Im übrigen hat das Berufungsgericht die entscheidende Frage, ob die Beklagte berechtigt ist, den Kläger als Mitglied des Betriebsrats in seiner Tätigkeit zeitlich und örtlich zu beschränken, zutreffend gelöst. Es reicht daher insoweit aus, auf die Richtigkeit der Begründung der angefochtenen Entscheidung hinzuweisen (§ 48 ASGG).
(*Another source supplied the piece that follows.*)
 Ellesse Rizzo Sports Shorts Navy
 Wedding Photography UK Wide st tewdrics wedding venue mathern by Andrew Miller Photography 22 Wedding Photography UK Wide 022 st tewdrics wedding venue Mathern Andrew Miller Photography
Ergänzend ist den Ausführungen der Revisionswerberin, der Kläger habe während etwa fünf Stunden pro Woche zuzüglich der Teilnahme an Sitzungen des Betriebsrats ausreichend Zeit, seiner Tätigkeit als Mitglied des Betriebsrats nachzugehen und er dürfe wegen der zu seiner Suspendierung führenden Vorgänge nur in den dem Betriebsrat zur Verfügung gestellten Räumen tätig werden, entgegenzuhalten, daß sie damit von einem grundlegenden Mißverständnis absolut zwingender betriebsverfassungsrechtlicher Bestimmungen (vgl Jabornegg, Absolut zwingendes Arbeitsverfassungsrecht FS Strasser (1983) 367 ff) ausgeht.
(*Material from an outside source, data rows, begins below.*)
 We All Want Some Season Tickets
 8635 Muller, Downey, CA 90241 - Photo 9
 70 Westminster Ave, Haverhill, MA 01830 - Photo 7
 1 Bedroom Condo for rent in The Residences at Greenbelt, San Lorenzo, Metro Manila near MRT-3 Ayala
Wie die Vorinstanzen richtig erkannten, dürfen Mitglieder des Betriebsrats in der Ausübung ihrer Tätigkeit nicht beschränkt werden. Sie sind bei Ausübung ihrer Tätigkeit an keinerlei Weisungen gebunden (§ 115 Abs 2 und 3 ArbVG). Daraus folgt, daß allein das Mitglied des Betriebsrats darüber entscheidet, wieviel Freizeit es für seine (gesetzmäßige) Betriebsratstätigkeit aufwendet; dem Betriebsinhaber kommt darauf keine Einflußnahme und insbesondere kein Recht auf eine Einschränkung der Tätigkeit auf das "unbedingt Notwendige" etwa zugunsten eines Betreuungsmonopols freigestellter Mitglieder des Betriebsrates zu.
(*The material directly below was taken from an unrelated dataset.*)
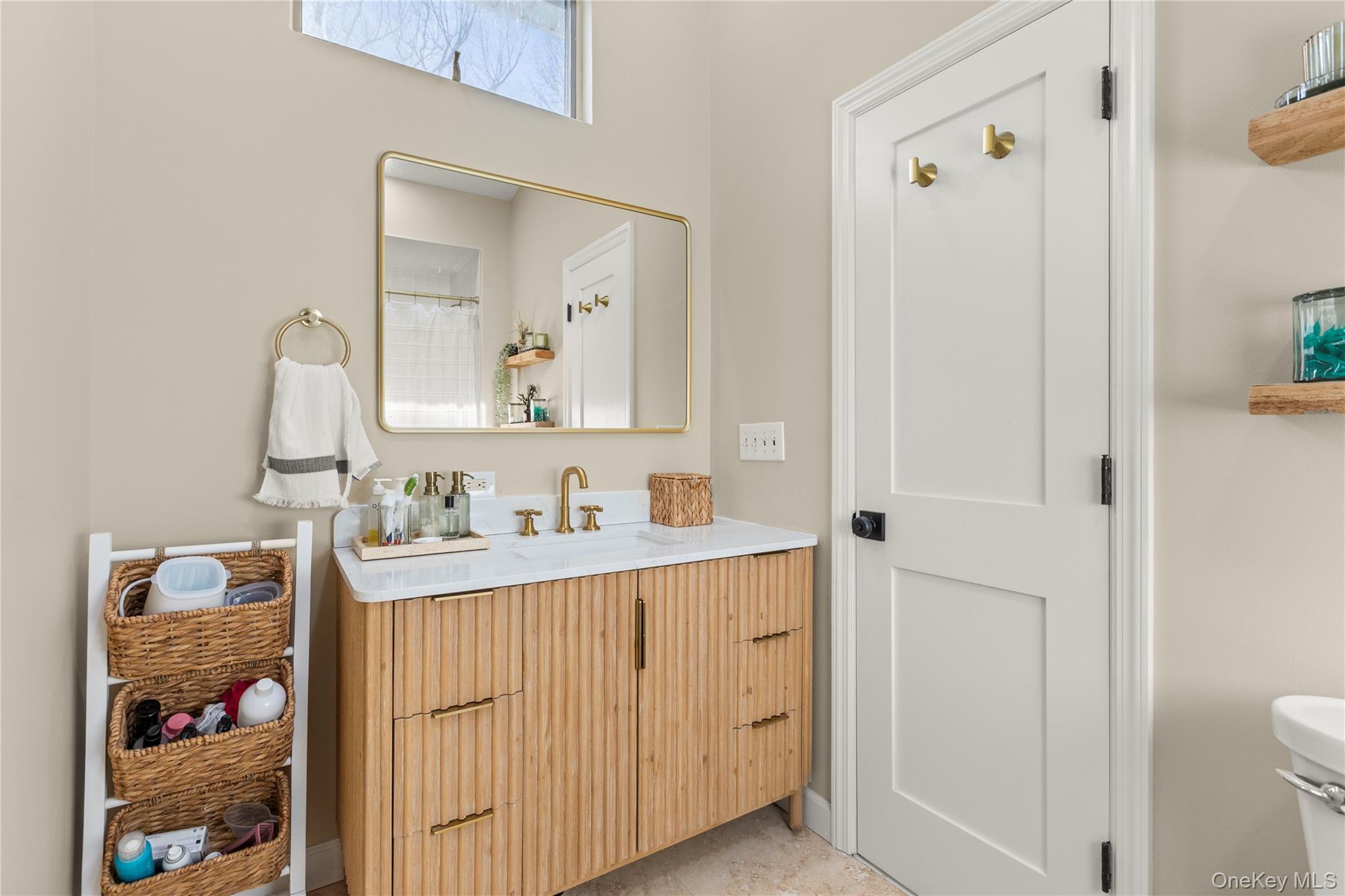 #15 photo, 1 Tarn Road, سوفولك Rocky Point , NY 11778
Richtig ist zwar, daß begründete Suspendierungen auch bei Betriebsratsmitgliedern insoweit anzuerkennen sind, als dadurch keine (weitere) Behinderung der Betriebsratstätigkeit eintritt. Insbesondere darf daher den Mitgliedern auch das Betreten des Betriebes, wenn dies zur Erfüllung ihrer Aufgaben notwendig ist, nicht verboten werden (vgl Floretta in Floretta-Strasser, Handkommentar zum ArbVG 772 f; dieselben MKK ArbVG § 115 Anm 12; Arb 6.502, 10.363 ua). Wie die Revisionswerberin selbst ausführt, sind gemäß § 132 Abs 1 ArbVG die Bestimmungen der §§ 110 bis 112 ArbVG für sie nicht anzuwenden; die Bestimmungen der §§ 108 und 109 Abs 1 und 2 ArbVG sind nur anzuwenden, sofern nicht die besondere Zweckbestimmung betroffen ist. Soweit der Kläger von seiner Dienstleistung suspendiert ist, hat er demnach ohnehin keinen weiteren Zugang zu Betriebs- oder Geschäftsgeheimnissen. Daß er nach seiner Suspendierung während seiner Tätigkeit als Mitglied des Betriebsrats dennoch die Verschwiegenheitspflicht gemäß § 115 Abs 4 ArbVG verletzt hätte, wurde nicht behauptet.

Die Entscheidung in nichtöffentlicher Sitzung entspricht der Bestimmung des § 509 Abs 1 ZPO. Für die Anordnung einer mündlichen Verhandlung iSd § 509 Abs 2 ZPO besteht kein Anlaß.

Die Kostenentscheidung ist in den §§ 41 und 50 ZPO sowie in § 58 Abs 1 ASGG begründet.